Ted Wells testified in front of NFL Commissioner Roger Goodell that the league and its referees displayed ignorance at the AFC Championship Game that balls lose air pressure because of weather conditions.

“What I found in interviewing referees and just witnesses in general is that there was no appreciation for the Ideal Gas Law and the possible impact that that might have,” Wells responded to a question by Tom Brady lawyer Jeffrey Kessler. “And so people didn’t appreciate that if you measured a ball in a hot locker room and then took it out to a cold field, you have automatic drop. Now, the Patriots had figured that out, okay.”

The remarks came during Tom Brady’s appeal of his four-game suspension in June at NFL headquarters. The NFL Players Association released the full transcript Tuesday night.

NFL executives, despite the subsequent admission that the league has never retested balls at halftime or postgame, assumed during the AFC Championship Game that a drop in air pressure necessarily meant tampering.
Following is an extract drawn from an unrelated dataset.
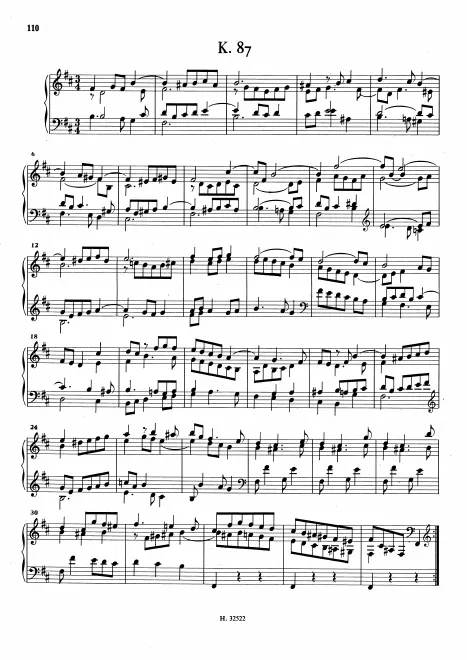 First page of Keyboard Sonata in B minor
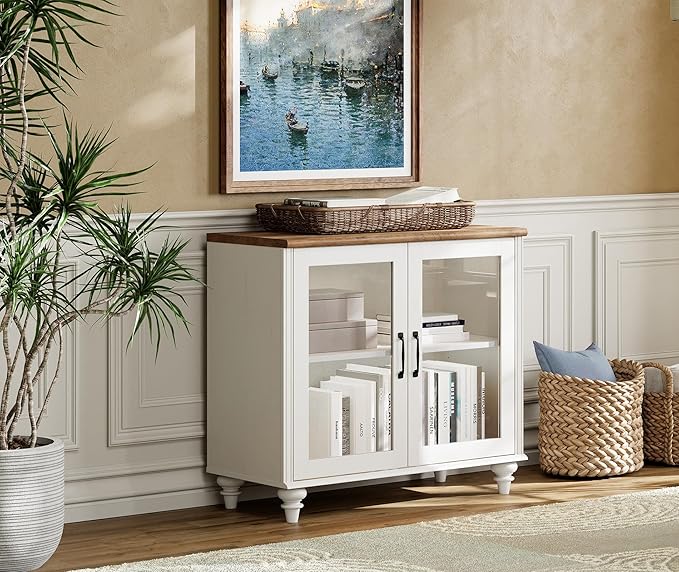 WAMPAT TV Stand for 75 Inch TV, Wood TV Cabinet Entertainment Center Televisi...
Mike Kensil, a former Jets official who serves as the NFL’s director of operations, angrily informed the New England Patriots at the game, “We weighed the balls. You are in big f—— trouble.”

Even the terminology used by Kensil—”weighed”—suggests the blind-mice quality of the investigation. Whereas the NFL measured every Patriots ball, they measured just one in three Colts balls, which also experienced drops in air pressure. The drops for the Colts suggested to the NFL neither malfeasance on their part nor innocence on the part of the Patriots.

Troy Vincent, the NFL’s executive vice president for operations, admitted at the same hearing that the Ideal Gas Law remained a foreign concept to him when he busted the New England Patriots for ball tampering. Both Vincent and Wells conceded that testing balls during halftime or after the game remained a practice that, to their knowledge, the NFL refrained from until the AFC Championship Game.